– Да и анальгетики не помешают, – ответила Хва-Йунг.
Вишал негромко рассмеялся:
– И обезболивающие, само собой.
«Рогатка» уже вернулась. Как только за иллюминатором вырос нос корабля, Веера схватилась за ручку в центре шлюза, пытаясь лучше разглядеть «Рогатку».
– А-а-а! – Вопль завершился бульканьем, энтропистка задыхалась. Спина выгнулась так, что затылок едва не касался пяток, все тело оцепенело, только кисти и стопы слегка подергивались. Лицо свела чудовищная гримаса, зубы скрежетали.
Джоррус закричал синхронно, хотя он-то не приближался к шлюзу, и его точно так же скрючило.
– Не прикасайся к ней! – крикнула Хва-Йунг.
Кира не послушалась: она знала, что «скинсьют» ее защитит.
Она обвила несколько щупалец вокруг талии Вееры, одновременно зацепившись за ближайшую стену, и потащила бьющуюся в конвульсиях энтропистку к себе. Сделать это было непросто: Веера с нечеловеческой силой сжимала ручку двери. Наконец Кире удалось оторвать Вееру от двери (про себя она молилась о том, чтобы не повредить энтропистке запястье).
Как только пальцы Вееры выпустили ручку двери, тело ее обмякло, а Джоррус перестал выть, хотя лицо его так и застыло в гримасе невыразимого ужаса.
– Хватайте ее! – велела Нильсен.
Вишал отлепился от стены и поймал рукав куртки Вееры. Затем он обхватил одной рукой талию энтропистки, второй приподнял Веере веко, потом открыл ей рот и заглянул в горло.
– Она выживет, но нужно доставить ее в медотсек.
Джоррус застонал.
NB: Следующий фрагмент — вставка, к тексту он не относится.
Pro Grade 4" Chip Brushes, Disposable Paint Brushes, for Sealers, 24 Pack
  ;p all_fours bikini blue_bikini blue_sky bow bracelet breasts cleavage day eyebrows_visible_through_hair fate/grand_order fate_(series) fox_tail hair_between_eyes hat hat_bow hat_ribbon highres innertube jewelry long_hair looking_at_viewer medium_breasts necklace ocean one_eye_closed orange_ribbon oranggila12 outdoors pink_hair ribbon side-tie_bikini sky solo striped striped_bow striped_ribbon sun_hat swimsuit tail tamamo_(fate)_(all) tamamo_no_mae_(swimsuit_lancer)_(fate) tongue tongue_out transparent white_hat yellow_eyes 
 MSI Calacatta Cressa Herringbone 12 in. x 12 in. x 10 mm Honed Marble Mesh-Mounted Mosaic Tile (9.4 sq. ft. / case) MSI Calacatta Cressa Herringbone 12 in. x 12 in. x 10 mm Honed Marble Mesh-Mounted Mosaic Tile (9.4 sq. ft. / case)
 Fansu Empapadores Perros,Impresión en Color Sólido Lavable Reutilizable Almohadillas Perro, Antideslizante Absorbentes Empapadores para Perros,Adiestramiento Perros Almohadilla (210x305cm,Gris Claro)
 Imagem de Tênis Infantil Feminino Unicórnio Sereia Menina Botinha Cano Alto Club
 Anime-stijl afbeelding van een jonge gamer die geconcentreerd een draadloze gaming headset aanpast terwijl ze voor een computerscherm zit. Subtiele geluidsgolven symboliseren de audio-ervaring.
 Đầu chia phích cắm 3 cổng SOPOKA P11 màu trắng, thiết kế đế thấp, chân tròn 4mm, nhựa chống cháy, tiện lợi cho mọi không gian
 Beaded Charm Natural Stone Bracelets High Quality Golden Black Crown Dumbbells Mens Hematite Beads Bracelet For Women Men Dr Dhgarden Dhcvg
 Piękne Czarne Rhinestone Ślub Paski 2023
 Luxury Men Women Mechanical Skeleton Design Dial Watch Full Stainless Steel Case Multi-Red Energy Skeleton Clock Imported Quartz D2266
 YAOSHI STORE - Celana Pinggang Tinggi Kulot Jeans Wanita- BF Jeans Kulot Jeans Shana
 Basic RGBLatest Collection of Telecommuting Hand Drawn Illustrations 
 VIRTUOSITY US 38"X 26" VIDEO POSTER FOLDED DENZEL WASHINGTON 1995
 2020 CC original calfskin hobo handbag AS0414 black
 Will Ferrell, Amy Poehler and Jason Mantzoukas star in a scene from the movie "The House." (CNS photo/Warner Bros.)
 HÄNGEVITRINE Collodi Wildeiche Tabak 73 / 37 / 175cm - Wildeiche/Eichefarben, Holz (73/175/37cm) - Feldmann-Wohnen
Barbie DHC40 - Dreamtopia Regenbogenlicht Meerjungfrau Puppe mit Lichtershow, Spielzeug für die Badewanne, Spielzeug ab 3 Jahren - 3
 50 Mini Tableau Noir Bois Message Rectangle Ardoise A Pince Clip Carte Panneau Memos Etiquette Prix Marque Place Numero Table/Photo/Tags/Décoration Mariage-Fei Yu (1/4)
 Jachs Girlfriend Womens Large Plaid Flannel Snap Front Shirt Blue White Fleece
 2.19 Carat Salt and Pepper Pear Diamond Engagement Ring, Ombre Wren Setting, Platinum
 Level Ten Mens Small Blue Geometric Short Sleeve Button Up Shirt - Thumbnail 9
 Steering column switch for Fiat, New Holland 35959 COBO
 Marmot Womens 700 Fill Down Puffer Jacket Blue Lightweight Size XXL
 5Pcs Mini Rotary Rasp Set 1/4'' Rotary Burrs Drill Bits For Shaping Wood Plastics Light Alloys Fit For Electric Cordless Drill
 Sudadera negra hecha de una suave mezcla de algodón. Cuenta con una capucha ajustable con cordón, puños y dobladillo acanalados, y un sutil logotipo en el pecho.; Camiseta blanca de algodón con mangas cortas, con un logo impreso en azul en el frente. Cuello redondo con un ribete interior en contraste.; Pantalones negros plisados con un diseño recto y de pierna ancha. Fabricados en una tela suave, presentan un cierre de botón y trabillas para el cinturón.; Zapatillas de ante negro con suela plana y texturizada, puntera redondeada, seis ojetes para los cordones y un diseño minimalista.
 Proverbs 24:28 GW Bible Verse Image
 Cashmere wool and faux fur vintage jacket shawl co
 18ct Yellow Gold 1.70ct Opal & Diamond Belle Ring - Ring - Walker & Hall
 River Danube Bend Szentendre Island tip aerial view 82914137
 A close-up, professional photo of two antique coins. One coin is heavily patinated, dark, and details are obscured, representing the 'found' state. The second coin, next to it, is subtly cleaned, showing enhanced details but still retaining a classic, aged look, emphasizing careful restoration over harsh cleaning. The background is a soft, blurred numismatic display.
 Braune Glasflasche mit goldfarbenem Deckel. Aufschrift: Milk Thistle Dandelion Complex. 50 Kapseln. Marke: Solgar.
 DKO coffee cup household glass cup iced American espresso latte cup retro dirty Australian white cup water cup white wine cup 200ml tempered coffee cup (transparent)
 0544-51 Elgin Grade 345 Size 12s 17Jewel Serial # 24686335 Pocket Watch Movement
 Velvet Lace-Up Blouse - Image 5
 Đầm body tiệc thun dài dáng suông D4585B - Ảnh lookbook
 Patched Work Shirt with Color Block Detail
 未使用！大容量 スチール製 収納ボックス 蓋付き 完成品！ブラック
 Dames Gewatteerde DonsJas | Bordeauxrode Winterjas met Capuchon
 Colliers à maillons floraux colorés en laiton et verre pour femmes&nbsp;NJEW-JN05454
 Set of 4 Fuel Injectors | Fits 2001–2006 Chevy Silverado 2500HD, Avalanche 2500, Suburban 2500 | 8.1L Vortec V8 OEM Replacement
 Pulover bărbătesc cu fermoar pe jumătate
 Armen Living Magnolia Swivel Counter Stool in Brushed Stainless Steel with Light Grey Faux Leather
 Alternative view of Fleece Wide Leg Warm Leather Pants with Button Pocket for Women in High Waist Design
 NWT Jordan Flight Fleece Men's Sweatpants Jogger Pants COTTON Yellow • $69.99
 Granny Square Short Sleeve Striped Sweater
Он так и сидел, обхватив голову руками, предобморочно бледный.
– Насколько скверно? – спросил Фалькони.
Врач оглянулся тревожно.
– Не знаю, капитан. Нужно следить за сердцебиением. И вероятно, электрошок выжег импланты. Пока рано судить. По меньшей мере их придется перезагрузить.
Джоррус что-то забормотал, Кира не разбирала слов.
– Подлость какая! – возмутилась Нильсен.
– Они запаниковали, – пояснила Воробей. – На все готовы, лишь бы нас остановить. – И ткнула средним пальцем в сторону станции. – Надеюсь, вам всем задницы поджарят. Слышите меня?
– Это все моя вина, – сказала Кира и указала на свое обнаженное лицо. – Надо было не снимать маску. Тогда я бы увидела, что дверь под током.
– Ты ни в чем не виновата, – возразил Фалькони. – Не вздумай из-за этого казниться. – Он подплыл к Джоррусу. – Эй! Веера выживет, понял? Успокойся, все не так страшно.
– Вы не понимаете, – еле выговорил Джоррус, втягивая в себя воздух.
– Ну так объясни.
– Она – я – мы… – Он принялся ломать руки, и в невесомости это движение повлекло его прочь. Фалькони поймал его, остановил. – Нас больше нет. Нет нас! Нет меня! Все пропало. Все ушло. Ушло. Ушло. А-а-а! – И вновь его речь перешла в невнятное бормотание.
Фалькони встряхнул его:
– Соберись. «Рогатка» уже близко.
Энтропист не реагировал.
– Их ментальный улей разрушен, – вздохнула Хва-Йунг.
– И что? Он ведь не перестал быть самим собой, а?
– Ну…
Веера очнулась с резким всхлипом, дернулась так, что закружилась вокруг своей оси. Прижала пальцы к вискам и завопила. Словно откликаясь ей, Джоррус свернулся в позе эмбриона и захныкал.
– Отлично, – буркнул Фалькони. – Теперь у нас на руках двое психов. Просто замечательно.
Тихо, словно падающее перышко, «Рогатка» замедлила ход и остановилась у шлюза. Послышался лязг стыковочных зажимов, удерживающих нос корабля.
– Кира! – Фалькони махнул рукой. – Будь так добра…
Пока врач успокаивал энтропистов, Кира вызвала маску на лицо и разглядела в двери шлюза ток – широкую синеватого цвета полосу, как будто в ручку загнали молнию. Полоса была широкой и яркой – просто удивительно, как Веера не погибла на месте.